* _What the task requires_:
Starting at the line that holds "bathroom featuring toilet, vanity, baseboards, and", reproduce each line exactly up to and including the last line of the records below. Pictures stay out.

* _Data to process_:
Start of Block

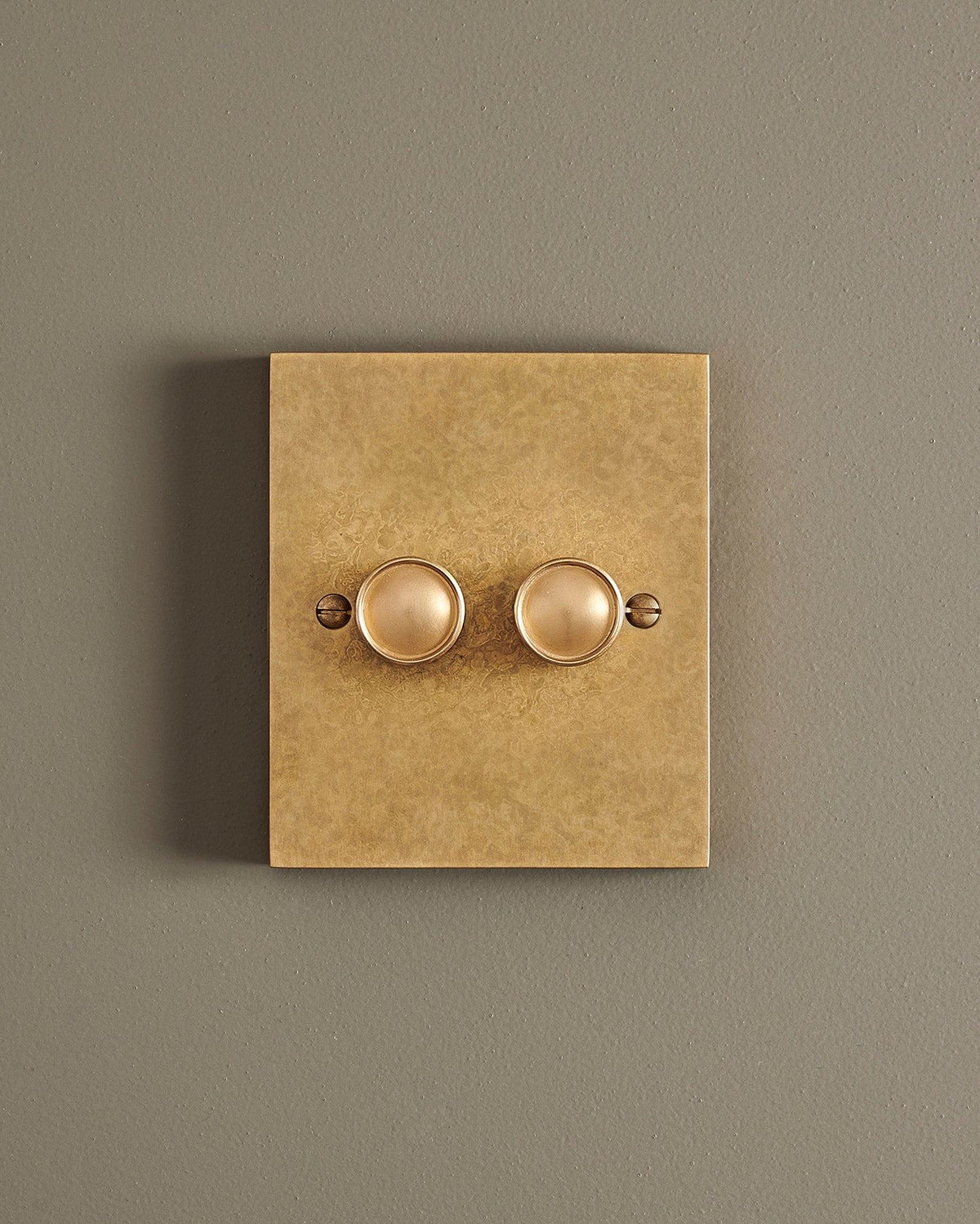 A straight-on view of a 2 gang box dimmer switch in a mottled aged brass finish. TEST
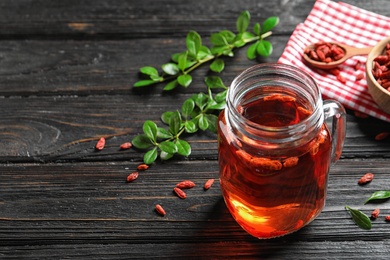 Photo of Healthy goji juice in mason jar on wooden table, space for text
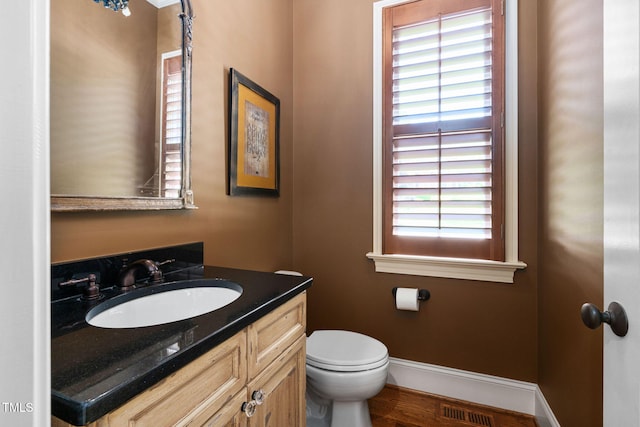 bathroom featuring toilet, vanity, baseboards, and wood finished floors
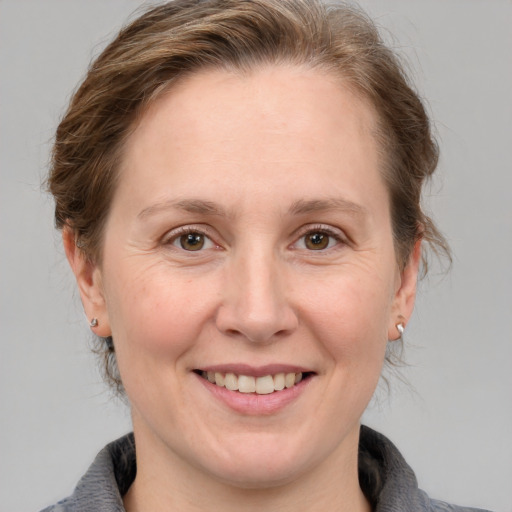 Joyful white adult female with medium  brown hair and grey eyes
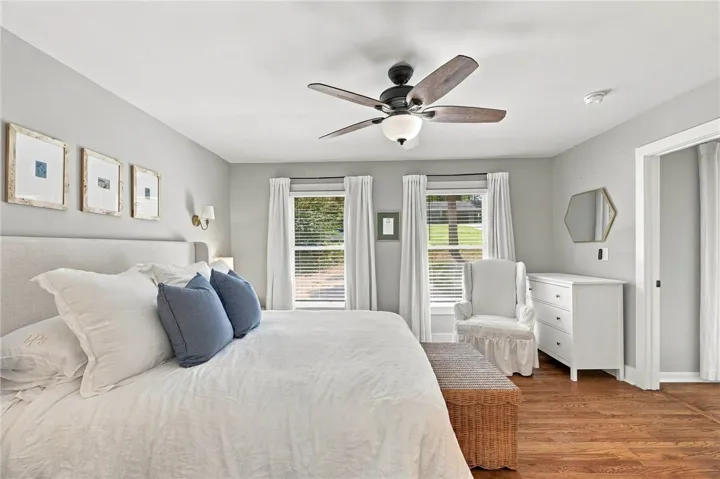 Rich hardwood flooring complements the smooth walls and abundant natural light in this spacious bedroom.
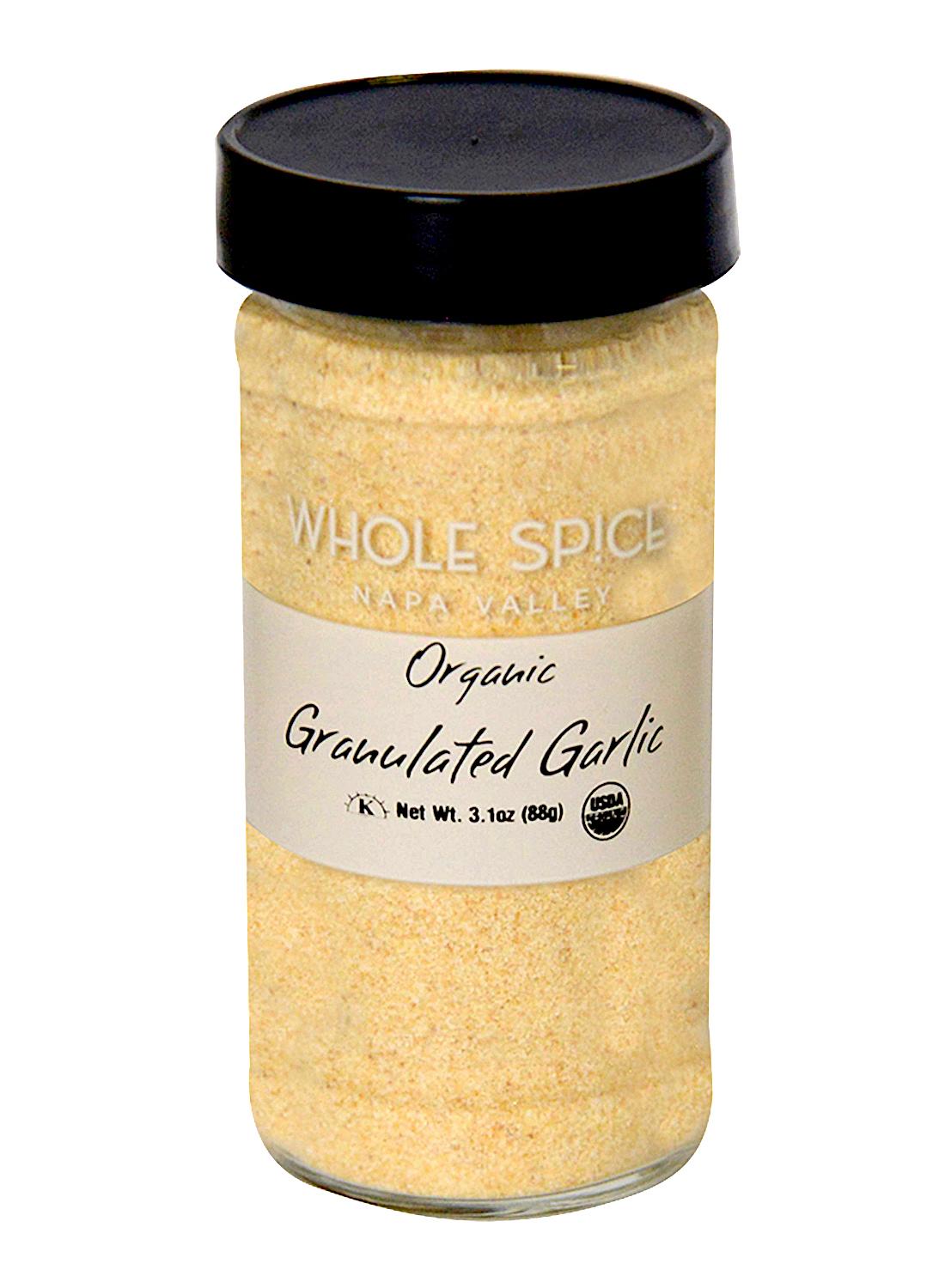 A jar of Whole Spice Inc. Garlic Granulated with a black lid features a beige and white label showing the product name, 3.1 oz (88g) weight, and USDA Organic seal—ideal for all your dehydrated garlic needs.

End of Block

* _Answer space_:
 bathroom featuring toilet, vanity, baseboards, and wood finished floors
 Joyful white adult female with medium  brown hair and grey eyes
 Rich hardwood flooring complements the smooth walls and abundant natural light in this spacious bedroom.
 A jar of Whole Spice Inc. Garlic Granulated with a black lid features a beige and white label showing the product name, 3.1 oz (88g) weight, and USDA Organic seal—ideal for all your dehydrated garlic needs.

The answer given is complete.